# Why wont my dual monitors work



## NeedSomeHelp08 (Jul 27, 2008)

Hey i have 2 lcd monitors and a nvidia geforce 6200 vid card. I cant seem to get my seccond monitor to display anything, when i am in display settings and i try to check the box "Extend my windows desktop onto this display" it will just uncheck itself when i click apply, and doesnt do anything. Any idea whats goin on?


----------



## badboy28895 (Aug 8, 2008)

have you ever had them working b4? is there multiple display wizard you have to run in order to get both displays configured?


----------



## zuluclayman (Dec 16, 2005)

Have you checked your connections at the back of your computer - all OK?
Open your Nvidia control panel (as suggested by previous poster) by double clicking on nvidia icon in your system tray (little green icon usually) and use the multiple display wizard to setup your dual view options there. you can also configure multiple monitors there then check to see if they are showing up in display settings.


----------



## NeedSomeHelp08 (Jul 27, 2008)

Ive had both monitors working, seperately though. And the connections are all good. For some reason in the nvidia control panel it doesnt give the option for multiple montitors, it only has the option for "Only use one display(Single)" And my seccond monitor that is hooked up to the plug and play port doesnt appear on my display list. 

Also, dont see any way to run multiple display wizard i only see the way to configure them.


----------



## NeedSomeHelp08 (Jul 27, 2008)

Oh also forgot to mention, although my seccond monitor doesnt show up in the nvidia controls, it does appear in the display properties panel.


----------



## badboy28895 (Aug 8, 2008)

try configuring the displays. it seems like the gpx card is not reading the second display. maybe thats y it only shows in the display properties settings and not in your nvidia control pannel.


----------



## Jtsou (Jul 13, 2007)

Go to Nvidia Control Panel -> Setting up multiple displays


----------



## NeedSomeHelp08 (Jul 27, 2008)

Configure them how? not sure how i get the gfx card to pick up the seccond monitor. 

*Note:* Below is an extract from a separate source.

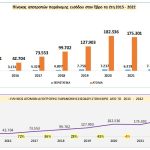 03012023statistika3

Also in the Nvidia Control Panel -> Setting up multiple displays

there is only the option for single monitor, it doesnt seem to notice there is a seccond monitor plugged into my regular monitor port.

Any other ideas guys?


----------



## badboy28895 (Aug 8, 2008)

my nvidia control pannel has the option to run multiple display wizard and set up multiple display. i had to run the wizard first so that it picks up other monitors or tvs plugged in. the in set up i can choose the way i want to diplsy the monitors. e.g. single, clone, ...etc... 
check all your cables connections, try switching them to them around, u can try unistalling the video card and instaling it again.


----------



## NeedSomeHelp08 (Jul 27, 2008)

i cant seem to find the wizard in the nvidia control panel


----------



## Jtsou (Jul 13, 2007)

Beside "2. Select the display you would like to use." It should say "? My display is not shown on the list..."

Click on that, but first make sure all cables are connected properly.


----------



## NeedSomeHelp08 (Jul 27, 2008)

Tried that, still doesnt detect it. Ive tried switching the monitors, and then it still only picks up whatever monitor is plugged into the gfx card. The two monitors still show up in display properties, but the #2 monitor appears to be darker in the gray area. But when i select it and check the box to "extend my windows desktop onto this display" it goes to the same color as the #1 monitor. Then when i click apply the box unchecks itself and it goes back to the darker color. I dont know why it wont let me do this?


----------



## Jtsou (Jul 13, 2007)

You should be able to handle all of this in Nvidia control panel. 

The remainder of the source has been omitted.